Por outro lado, George Harrison já não aguentava mais ser tolhido por Lennon e McCartney. Pouquíssimas composições dele foram gravadas pelos Beatles, e as que foram entraram para a história como sendo as mais lindas da banda: Something e While My Guitar Gently Weeps.
Mas Harrison tinha muito mais. Muito mesmo. O guitarrista foi o primeiro Beatle a lançar um álbum solo após o fim da banda, com o belíssimo All Things Must Pass. O trabalho talvez seja um dos pouquíssimos álbuns da história do rock que justifique ser triplo. Após anos represando suas composições, ele deu vazão lançando tudo de uma vez só e legando para a prosperidade uma obra-prima, com pérolas como My Sweet Lord, Isn’t It a Pitty, Beware of Darkness e claro, a faixa que dá título ao álbum, onde afirma profeticamente que tudo vai passar.
Fã de Fórmula 1, Harrison era amigo de Emerson Fittipald e foi o primeiro Beatle a visitar o Brasil, em 1979, embora não para tocar e, sim, para assistir a um grande prêmio no país. Em 1999, sua casa foi invadida por um homem e ele sobreviveu a diversas facadas no peito. Poucos se lembram também, mas em 2001, no ano em que morreu, Harrison gravou as guitarras da música Anna Julia, da banda brasileira Los Hermanos, em um cover em inglês cantado pelo britânico Jim Capaldi.
Talvez ninguém, no entanto, tenha marcado tanto a história do rock quanto John Lennon. Nos dez anos seguintes após o fim dos Beatles, até o seu trágico assassinato, ele fez campanha pela paz, ao ficar na cama com Yoko Ono e lançou o hino pela paz Imagine. Apenas isso já seria o suficiente para colocá-lo entre os maiores da música.
O mais prolífico de todos e dono de hits imortais foi mesmo Paul McCartney. Sua carreira posterior aos Beatles nos dá um pequeno vislumbre do que a banda seria se tivesse continuado junta. O baixista não parou de produzir e em seu voo solo fez parceria com todo mundo, desde Michael Jackson (a quem deu a “dica” para comprar todo o acervo dos Beatles), passando por Stevie Wonder até Rihanna e Kannye West. Aos 77 anos, McCartney segue excursionando pelo mundo com shows de três horas onde toca várias faixas dos Beatles sem alterar uma nota original, enchendo de saudosismo os fãs antigos e conquistando outros tantos mais novos.

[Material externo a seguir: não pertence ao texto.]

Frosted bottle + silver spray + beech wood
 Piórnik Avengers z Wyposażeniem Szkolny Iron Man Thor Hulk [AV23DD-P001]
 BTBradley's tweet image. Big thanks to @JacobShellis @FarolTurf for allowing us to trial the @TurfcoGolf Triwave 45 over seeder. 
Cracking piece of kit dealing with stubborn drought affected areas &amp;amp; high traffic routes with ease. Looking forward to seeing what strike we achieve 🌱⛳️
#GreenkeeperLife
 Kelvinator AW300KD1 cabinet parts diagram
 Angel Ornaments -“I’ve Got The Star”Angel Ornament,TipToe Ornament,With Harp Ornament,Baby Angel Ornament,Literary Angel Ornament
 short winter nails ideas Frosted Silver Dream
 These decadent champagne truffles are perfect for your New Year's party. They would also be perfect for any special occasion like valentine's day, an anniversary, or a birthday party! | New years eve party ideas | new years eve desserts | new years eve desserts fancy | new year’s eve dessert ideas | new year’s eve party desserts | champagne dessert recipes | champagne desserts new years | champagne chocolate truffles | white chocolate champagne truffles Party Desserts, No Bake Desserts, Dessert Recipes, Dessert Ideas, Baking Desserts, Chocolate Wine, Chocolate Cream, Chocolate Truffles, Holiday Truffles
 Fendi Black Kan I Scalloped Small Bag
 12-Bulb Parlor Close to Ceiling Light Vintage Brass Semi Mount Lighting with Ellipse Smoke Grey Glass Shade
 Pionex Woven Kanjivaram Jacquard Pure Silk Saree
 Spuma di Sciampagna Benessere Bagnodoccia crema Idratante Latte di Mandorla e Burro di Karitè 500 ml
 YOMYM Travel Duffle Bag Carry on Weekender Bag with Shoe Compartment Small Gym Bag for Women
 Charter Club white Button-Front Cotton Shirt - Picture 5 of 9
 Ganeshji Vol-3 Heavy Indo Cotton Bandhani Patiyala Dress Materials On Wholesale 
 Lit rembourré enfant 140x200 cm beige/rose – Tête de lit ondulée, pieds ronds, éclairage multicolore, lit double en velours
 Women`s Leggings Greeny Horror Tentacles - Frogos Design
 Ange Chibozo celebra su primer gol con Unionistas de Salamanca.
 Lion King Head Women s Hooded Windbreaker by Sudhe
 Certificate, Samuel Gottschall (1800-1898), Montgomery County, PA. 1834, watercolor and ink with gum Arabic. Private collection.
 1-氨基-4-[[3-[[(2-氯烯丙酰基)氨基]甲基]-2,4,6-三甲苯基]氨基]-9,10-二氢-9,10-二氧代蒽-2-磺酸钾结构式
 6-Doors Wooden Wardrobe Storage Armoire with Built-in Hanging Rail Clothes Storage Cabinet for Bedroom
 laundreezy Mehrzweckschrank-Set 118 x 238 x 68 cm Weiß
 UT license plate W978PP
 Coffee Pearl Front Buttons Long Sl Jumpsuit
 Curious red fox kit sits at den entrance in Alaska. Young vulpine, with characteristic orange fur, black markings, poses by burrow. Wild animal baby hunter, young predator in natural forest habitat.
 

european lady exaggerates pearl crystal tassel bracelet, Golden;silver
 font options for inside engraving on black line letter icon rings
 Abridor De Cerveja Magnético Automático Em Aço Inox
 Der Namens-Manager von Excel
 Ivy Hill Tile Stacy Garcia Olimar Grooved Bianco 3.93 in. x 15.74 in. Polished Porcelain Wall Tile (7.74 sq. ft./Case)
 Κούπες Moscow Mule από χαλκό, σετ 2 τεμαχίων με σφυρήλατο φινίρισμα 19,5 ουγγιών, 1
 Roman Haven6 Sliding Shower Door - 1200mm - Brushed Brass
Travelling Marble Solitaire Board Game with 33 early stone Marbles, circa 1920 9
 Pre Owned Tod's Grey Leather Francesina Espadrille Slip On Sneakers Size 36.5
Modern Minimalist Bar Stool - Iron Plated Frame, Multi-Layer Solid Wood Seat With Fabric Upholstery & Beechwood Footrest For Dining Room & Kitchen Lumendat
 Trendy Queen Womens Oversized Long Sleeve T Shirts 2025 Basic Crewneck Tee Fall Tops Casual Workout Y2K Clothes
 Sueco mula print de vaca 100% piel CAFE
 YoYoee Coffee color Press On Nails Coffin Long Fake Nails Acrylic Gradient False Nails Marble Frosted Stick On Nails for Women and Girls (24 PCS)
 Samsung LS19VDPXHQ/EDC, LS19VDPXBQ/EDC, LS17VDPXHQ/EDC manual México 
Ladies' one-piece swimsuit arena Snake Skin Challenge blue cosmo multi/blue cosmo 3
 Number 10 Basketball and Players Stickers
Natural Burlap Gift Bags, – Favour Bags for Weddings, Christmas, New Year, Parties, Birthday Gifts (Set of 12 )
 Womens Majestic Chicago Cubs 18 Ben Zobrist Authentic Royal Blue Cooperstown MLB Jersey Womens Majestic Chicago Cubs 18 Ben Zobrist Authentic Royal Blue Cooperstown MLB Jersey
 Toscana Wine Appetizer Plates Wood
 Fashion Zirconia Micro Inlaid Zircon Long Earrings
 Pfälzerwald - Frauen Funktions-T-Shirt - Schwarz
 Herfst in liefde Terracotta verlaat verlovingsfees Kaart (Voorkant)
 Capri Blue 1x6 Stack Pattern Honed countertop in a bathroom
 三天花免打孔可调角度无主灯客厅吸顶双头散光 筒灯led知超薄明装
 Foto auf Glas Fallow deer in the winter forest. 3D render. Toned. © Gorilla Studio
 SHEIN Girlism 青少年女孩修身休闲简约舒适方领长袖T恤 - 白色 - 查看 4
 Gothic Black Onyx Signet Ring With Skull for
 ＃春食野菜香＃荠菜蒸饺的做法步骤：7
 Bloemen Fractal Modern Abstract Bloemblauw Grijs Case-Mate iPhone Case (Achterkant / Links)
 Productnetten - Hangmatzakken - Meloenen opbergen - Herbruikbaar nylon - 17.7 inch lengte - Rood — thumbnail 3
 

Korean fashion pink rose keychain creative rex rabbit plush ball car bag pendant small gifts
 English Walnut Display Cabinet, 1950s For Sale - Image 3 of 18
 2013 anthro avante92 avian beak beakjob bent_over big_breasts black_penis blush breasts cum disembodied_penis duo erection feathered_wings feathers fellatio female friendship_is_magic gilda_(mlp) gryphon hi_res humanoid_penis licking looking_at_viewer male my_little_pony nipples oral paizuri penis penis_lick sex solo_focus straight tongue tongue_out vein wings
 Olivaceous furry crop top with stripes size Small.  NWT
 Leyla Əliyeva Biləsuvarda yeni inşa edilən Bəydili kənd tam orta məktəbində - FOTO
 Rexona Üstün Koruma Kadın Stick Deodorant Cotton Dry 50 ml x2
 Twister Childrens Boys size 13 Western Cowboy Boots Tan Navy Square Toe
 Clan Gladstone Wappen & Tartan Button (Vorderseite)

Alvo frequente de chacota como sendo o beatle menos expressivo, o baterista Ringo Starr é o apontado pelos pesquisadores como o responsável por manter os Beatles unidos por tanto tempo. O perfil amigável e apaziguador de Ringo foi capaz de resolver divergências aparentemente insolúveis entre Paul e John. Se a banda ficou junta por quase dez anos, parte da responsabilidade por isso é do baterista.
Cinquenta anos depois do fim, mais do que nunca, o legado dos Beatles continua vivo em milhares de biografias, em documentários, filmes e até em videogames. Hoje, qualquer pessoa pode ouvir os hits imortais do quarteto de Liverpool com apenas um clique nas plataformas de streaming. Os Beatles acabaram, mas o sonho não.